Miami bass (booty music or booty bass) is a subgenre of hip hop music that became popular in the 1980s and 1990s. Its roots are directly linked to the electro-funk sound of the early 1980s.
The use of the Roland TR-808 sustained kick drum, raised dance tempos, and frequently sexually explicit lyrical content differentiate it from other hip hop subgenres. Music author Richie Unterberger has characterized Miami bass as using rhythms with a “stop start flavor” and “hissy” cymbals with lyrics that “reflected the language of the streets, particularly Miami’s historically black neighborhoods such as Liberty City and Overtown”.
Miami bass has never found consistent mainstream acceptance, though it has had a profound impact on the development of Baltimore club, West Coast hip hop, funk carioca or baile funk, and other genres.
Today many artists are recycling this beat and mixing with electronic music.
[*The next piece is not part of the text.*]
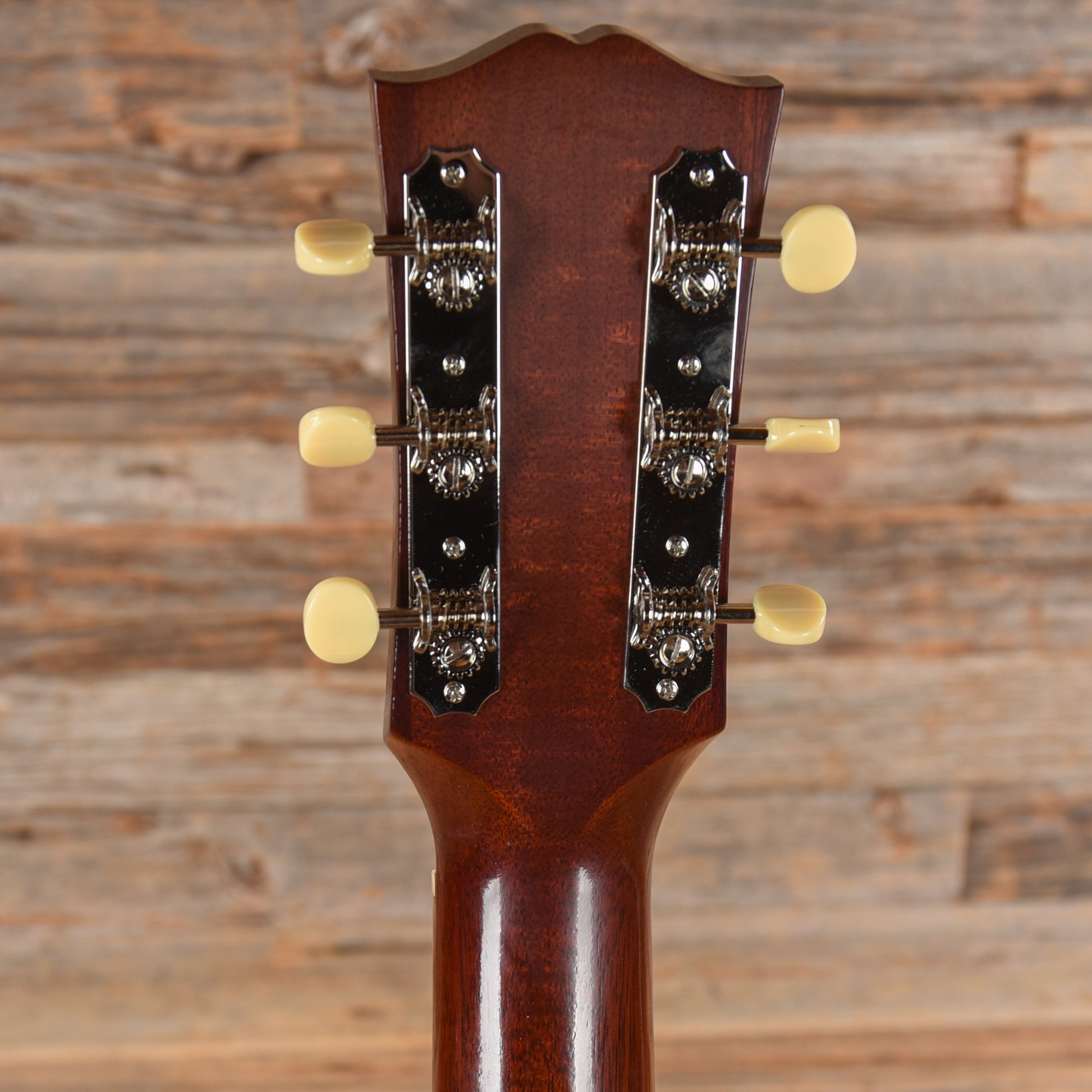 Gibson Custom 1942 Banner J-45 Sunburst 2024 Acoustic Guitars / Dreadnought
Also in 2010, not only in Brazil but in United Kingdom and United States as well the Miami Bass appears in the music universe as an alternative style of Hip Hop.
M.I.A is one of the international artists who contributed to the Miami Bass and Baile Funk popularity.
Baile Funk was originated from Miami Bass, however they are similar when we just listen the rhythm but different relatively to the lyrics and language, because Baile Funk is best know in Brazilian Portuguese.